The unofficial "Year Of The Comets" has indeed opened and the excitement hasn't ended yet. According to NASA's Jet Propulsion Laboratory in Pasenda, California, a relatively new comet discovery might very well make a tantalizingly close pass by the planet Mars on October 19, 2014. How close? According the Near-Earth Object Program Office, it should come within 186,000 miles of the Red Planet and there's a strong possibility it might be much closer.
Discovered by Robert McNaught on January 3, 2013 at Siding Spring Observatory, New South Wales, Australia, Comet C/2013 A1 has been observed as far back as October 4, 2012. just a small step in time from millions of years it has taken for it to journey from the Oort Cloud into our solar system. At present, it is theorized this is the comet's first pass through our neighborhood and it is just one of many objects identified by "SpaceGuard" — an amalgamation of ground and space-based telescopes which search the sky for potential asteroids and comets that could pose a threat to Earth.
However, this time it isn't Earth that's in the danger zone. It's Mars.
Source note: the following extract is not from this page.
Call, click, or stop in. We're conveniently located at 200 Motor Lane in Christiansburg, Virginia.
Comet Trajectory Visualization Courtesy of NASA
By using "pre-recovery" archival observations taken by the Catalina Sky Survey, astronomers have been able to forecast the comet's orbital plot. By combining this data set with current observations, they have been able to provide fairly accurate estimates of where the comet is headed. As of the beginning of March 2013, the NEO program office predicts Comet Siding Spring may come as close as 31,000 miles (50,000 kilometers) to impact. While that sounds dangerous for Mars, it's well over twice the distance of the orbit of Deimos, the most distant Martian moon. As more observations are obtained, the calculations for Comet C/2013 A1's orbital path — and how it coincides with Mars' orbit — will become more exact. This should allow researchers to totally rule out a collision scene, but current probability still has the chances as less than a one in 600. That's pretty close odds!
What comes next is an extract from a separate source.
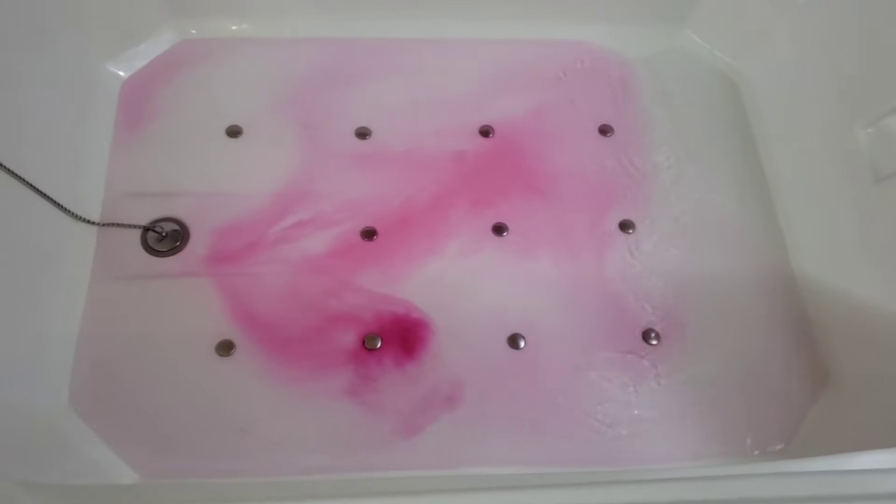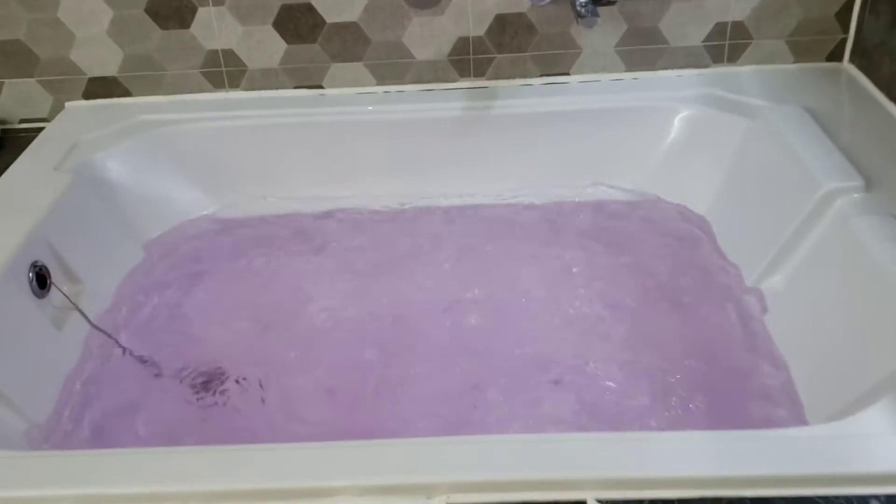There's a jacuzzi — it's pink! Look at my jacuzzi!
We know that a comet crashing into a planet within our solar system is entirely possible. After all, it has only been roughly twenty years since Shoemaker-Levy 9 slammed into Jupiter. Even if Comet C/2013 A1 Siding Spring doesn't impact Mars, there's more to a comet than just the nucleus. It also will carry with it the coma and tail — a combination of volatiles which will be boiling away from it as it approaches Mars. Does that pose any danger for the space-placed instrumentation or the rover missions? According to comet expert Leonid Elenin, it is certain that Mars will pass through A1 Siding Spring's detritus. Even if these remains are as small as microparticles, the concentration will be far higher than design specifications ever planned for and the space probes could possibly malfunction as a result of this exposure.
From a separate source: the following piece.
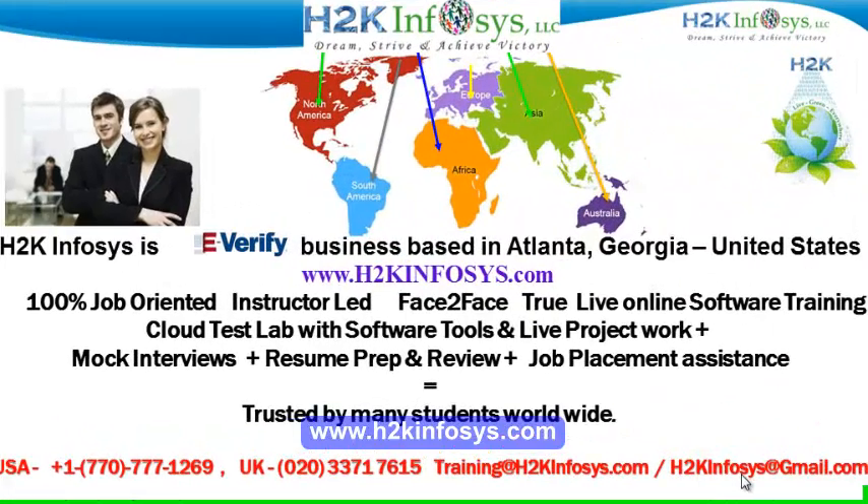Welcome to H2K Infosys. H2K Infosys is an e-verify business based in Atlanta, Georgia, United States. We provide 100% job-oriented, instructor-led, face-to-face, live online software training programs.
Is Comet Siding Spring observable? If you were on Mars, it might reach a visual magnitude of zero, but here on Earth we'll be lucky if it reaches a binocular-possible magnitude 8. It's not going to happen soon, either. C/2013 A1 won't be a target for the amateur telescope until mid-September/October 2014 and you'll also need to be in the southern hemisphere to spot it.
For now, we don't have enough highly accurate information to make too many predictions of what may happen with Comet A1 Siding Spring. We don't know exactly how large it is, nor can we forecast how it will react as it nears the Sun. We do know the comet is cruising along at 35 miles per second (126,000 miles per hour) and that it appears to be headed towards Mars, but so much can change with very little notice. Our orbiting and ground-based probes might very well be witness to one of the most spectacular events in Mars' history!
And maybe not...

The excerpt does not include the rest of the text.